▶ **TASK INSTRUCTIONS**
Word for word, transcribe the records that follow.

(Records drawn from a dataset)

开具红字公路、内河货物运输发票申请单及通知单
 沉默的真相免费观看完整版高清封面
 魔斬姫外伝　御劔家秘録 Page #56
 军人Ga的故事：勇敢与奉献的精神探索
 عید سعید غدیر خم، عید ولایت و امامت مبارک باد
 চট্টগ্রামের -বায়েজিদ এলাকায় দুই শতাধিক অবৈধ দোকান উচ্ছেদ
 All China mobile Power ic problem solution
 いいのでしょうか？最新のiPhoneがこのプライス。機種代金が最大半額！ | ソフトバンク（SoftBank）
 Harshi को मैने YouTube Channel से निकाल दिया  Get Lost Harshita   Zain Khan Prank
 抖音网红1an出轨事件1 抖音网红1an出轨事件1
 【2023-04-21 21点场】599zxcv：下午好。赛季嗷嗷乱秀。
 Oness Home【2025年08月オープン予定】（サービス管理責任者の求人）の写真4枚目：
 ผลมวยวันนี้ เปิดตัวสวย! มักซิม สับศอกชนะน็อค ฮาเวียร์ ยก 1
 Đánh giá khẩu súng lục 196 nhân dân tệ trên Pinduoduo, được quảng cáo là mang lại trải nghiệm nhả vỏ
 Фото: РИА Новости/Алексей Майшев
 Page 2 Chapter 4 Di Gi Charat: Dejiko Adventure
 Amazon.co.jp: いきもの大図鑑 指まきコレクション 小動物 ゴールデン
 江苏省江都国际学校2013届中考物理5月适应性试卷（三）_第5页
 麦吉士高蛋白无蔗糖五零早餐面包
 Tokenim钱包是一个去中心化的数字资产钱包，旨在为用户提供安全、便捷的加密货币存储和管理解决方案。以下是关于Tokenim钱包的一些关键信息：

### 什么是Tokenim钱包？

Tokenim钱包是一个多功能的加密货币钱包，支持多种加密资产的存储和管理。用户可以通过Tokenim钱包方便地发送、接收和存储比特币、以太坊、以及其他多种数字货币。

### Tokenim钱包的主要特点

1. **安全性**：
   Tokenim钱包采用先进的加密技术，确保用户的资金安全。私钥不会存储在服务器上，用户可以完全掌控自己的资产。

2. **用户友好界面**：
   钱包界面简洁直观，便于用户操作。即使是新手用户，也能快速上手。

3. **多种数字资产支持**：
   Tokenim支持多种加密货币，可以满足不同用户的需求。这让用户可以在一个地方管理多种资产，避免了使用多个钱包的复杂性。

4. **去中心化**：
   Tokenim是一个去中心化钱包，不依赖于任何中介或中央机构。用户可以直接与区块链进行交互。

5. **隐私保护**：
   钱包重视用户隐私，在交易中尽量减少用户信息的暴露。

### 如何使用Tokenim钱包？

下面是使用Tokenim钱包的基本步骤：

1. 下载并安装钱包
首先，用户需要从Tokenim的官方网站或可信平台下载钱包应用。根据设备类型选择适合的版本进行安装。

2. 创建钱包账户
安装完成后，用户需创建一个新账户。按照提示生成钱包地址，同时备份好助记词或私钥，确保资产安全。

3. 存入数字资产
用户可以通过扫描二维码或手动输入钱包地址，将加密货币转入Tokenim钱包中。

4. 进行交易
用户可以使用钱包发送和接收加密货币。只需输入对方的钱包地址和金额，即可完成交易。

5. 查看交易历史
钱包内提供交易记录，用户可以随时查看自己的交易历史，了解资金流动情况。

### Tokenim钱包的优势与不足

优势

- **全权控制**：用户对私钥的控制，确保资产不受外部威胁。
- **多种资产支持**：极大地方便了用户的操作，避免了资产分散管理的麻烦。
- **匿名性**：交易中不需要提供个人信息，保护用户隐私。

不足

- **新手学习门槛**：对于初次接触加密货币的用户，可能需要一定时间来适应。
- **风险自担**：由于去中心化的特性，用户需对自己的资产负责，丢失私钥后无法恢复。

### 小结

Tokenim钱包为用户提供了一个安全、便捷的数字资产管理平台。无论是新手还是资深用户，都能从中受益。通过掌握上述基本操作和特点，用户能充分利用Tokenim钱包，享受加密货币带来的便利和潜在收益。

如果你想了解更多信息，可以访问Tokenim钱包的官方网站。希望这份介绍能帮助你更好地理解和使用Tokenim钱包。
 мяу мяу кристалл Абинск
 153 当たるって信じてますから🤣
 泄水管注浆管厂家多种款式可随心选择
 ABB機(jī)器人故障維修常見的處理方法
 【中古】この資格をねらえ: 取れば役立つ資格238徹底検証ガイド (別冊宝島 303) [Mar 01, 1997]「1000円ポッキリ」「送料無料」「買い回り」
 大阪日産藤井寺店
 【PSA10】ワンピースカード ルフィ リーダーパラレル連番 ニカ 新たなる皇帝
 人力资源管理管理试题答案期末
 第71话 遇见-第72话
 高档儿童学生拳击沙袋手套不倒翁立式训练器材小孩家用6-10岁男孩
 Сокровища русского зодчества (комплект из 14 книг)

▶ **EXERCISE RESPONSE**
开具红字公路、内河货物运输发票申请单及通知单
 沉默的真相免费观看完整版高清封面
 魔斬姫外伝　御劔家秘録 Page #56
 军人Ga的故事：勇敢与奉献的精神探索
 عید سعید غدیر خم، عید ولایت و امامت مبارک باد
 চট্টগ্রামের -বায়েজিদ এলাকায় দুই শতাধিক অবৈধ দোকান উচ্ছেদ
 All China mobile Power ic problem solution
 いいのでしょうか？最新のiPhoneがこのプライス。機種代金が最大半額！ | ソフトバンク（SoftBank）
 Harshi को मैने YouTube Channel से निकाल दिया  Get Lost Harshita   Zain Khan Prank
 抖音网红1an出轨事件1 抖音网红1an出轨事件1
 【2023-04-21 21点场】599zxcv：下午好。赛季嗷嗷乱秀。
 Oness Home【2025年08月オープン予定】（サービス管理責任者の求人）の写真4枚目：
 ผลมวยวันนี้ เปิดตัวสวย! มักซิม สับศอกชนะน็อค ฮาเวียร์ ยก 1
 Đánh giá khẩu súng lục 196 nhân dân tệ trên Pinduoduo, được quảng cáo là mang lại trải nghiệm nhả vỏ
 Фото: РИА Новости/Алексей Майшев
 Page 2 Chapter 4 Di Gi Charat: Dejiko Adventure
 Amazon.co.jp: いきもの大図鑑 指まきコレクション 小動物 ゴールデン
 江苏省江都国际学校2013届中考物理5月适应性试卷（三）_第5页
 麦吉士高蛋白无蔗糖五零早餐面包
 Tokenim钱包是一个去中心化的数字资产钱包，旨在为用户提供安全、便捷的加密货币存储和管理解决方案。以下是关于Tokenim钱包的一些关键信息：

### 什么是Tokenim钱包？

Tokenim钱包是一个多功能的加密货币钱包，支持多种加密资产的存储和管理。用户可以通过Tokenim钱包方便地发送、接收和存储比特币、以太坊、以及其他多种数字货币。

### Tokenim钱包的主要特点

1. **安全性**：
   Tokenim钱包采用先进的加密技术，确保用户的资金安全。私钥不会存储在服务器上，用户可以完全掌控自己的资产。

2. **用户友好界面**：
   钱包界面简洁直观，便于用户操作。即使是新手用户，也能快速上手。

3. **多种数字资产支持**：
   Tokenim支持多种加密货币，可以满足不同用户的需求。这让用户可以在一个地方管理多种资产，避免了使用多个钱包的复杂性。

4. **去中心化**：
   Tokenim是一个去中心化钱包，不依赖于任何中介或中央机构。用户可以直接与区块链进行交互。

5. **隐私保护**：
   钱包重视用户隐私，在交易中尽量减少用户信息的暴露。

### 如何使用Tokenim钱包？

下面是使用Tokenim钱包的基本步骤：

1. 下载并安装钱包
首先，用户需要从Tokenim的官方网站或可信平台下载钱包应用。根据设备类型选择适合的版本进行安装。

2. 创建钱包账户
安装完成后，用户需创建一个新账户。按照提示生成钱包地址，同时备份好助记词或私钥，确保资产安全。

3. 存入数字资产
用户可以通过扫描二维码或手动输入钱包地址，将加密货币转入Tokenim钱包中。

4. 进行交易
用户可以使用钱包发送和接收加密货币。只需输入对方的钱包地址和金额，即可完成交易。

5. 查看交易历史
钱包内提供交易记录，用户可以随时查看自己的交易历史，了解资金流动情况。

### Tokenim钱包的优势与不足

优势

- **全权控制**：用户对私钥的控制，确保资产不受外部威胁。
- **多种资产支持**：极大地方便了用户的操作，避免了资产分散管理的麻烦。
- **匿名性**：交易中不需要提供个人信息，保护用户隐私。

不足

- **新手学习门槛**：对于初次接触加密货币的用户，可能需要一定时间来适应。
- **风险自担**：由于去中心化的特性，用户需对自己的资产负责，丢失私钥后无法恢复。

### 小结

Tokenim钱包为用户提供了一个安全、便捷的数字资产管理平台。无论是新手还是资深用户，都能从中受益。通过掌握上述基本操作和特点，用户能充分利用Tokenim钱包，享受加密货币带来的便利和潜在收益。

如果你想了解更多信息，可以访问Tokenim钱包的官方网站。希望这份介绍能帮助你更好地理解和使用Tokenim钱包。
 мяу мяу кристалл Абинск
 153 当たるって信じてますから🤣
 泄水管注浆管厂家多种款式可随心选择
 ABB機(jī)器人故障維修常見的處理方法
 【中古】この資格をねらえ: 取れば役立つ資格238徹底検証ガイド (別冊宝島 303) [Mar 01, 1997]「1000円ポッキリ」「送料無料」「買い回り」
 大阪日産藤井寺店
 【PSA10】ワンピースカード ルフィ リーダーパラレル連番 ニカ 新たなる皇帝
 人力资源管理管理试题答案期末
 第71话 遇见-第72话
 高档儿童学生拳击沙袋手套不倒翁立式训练器材小孩家用6-10岁男孩
 Сокровища русского зодчества (комплект из 14 книг)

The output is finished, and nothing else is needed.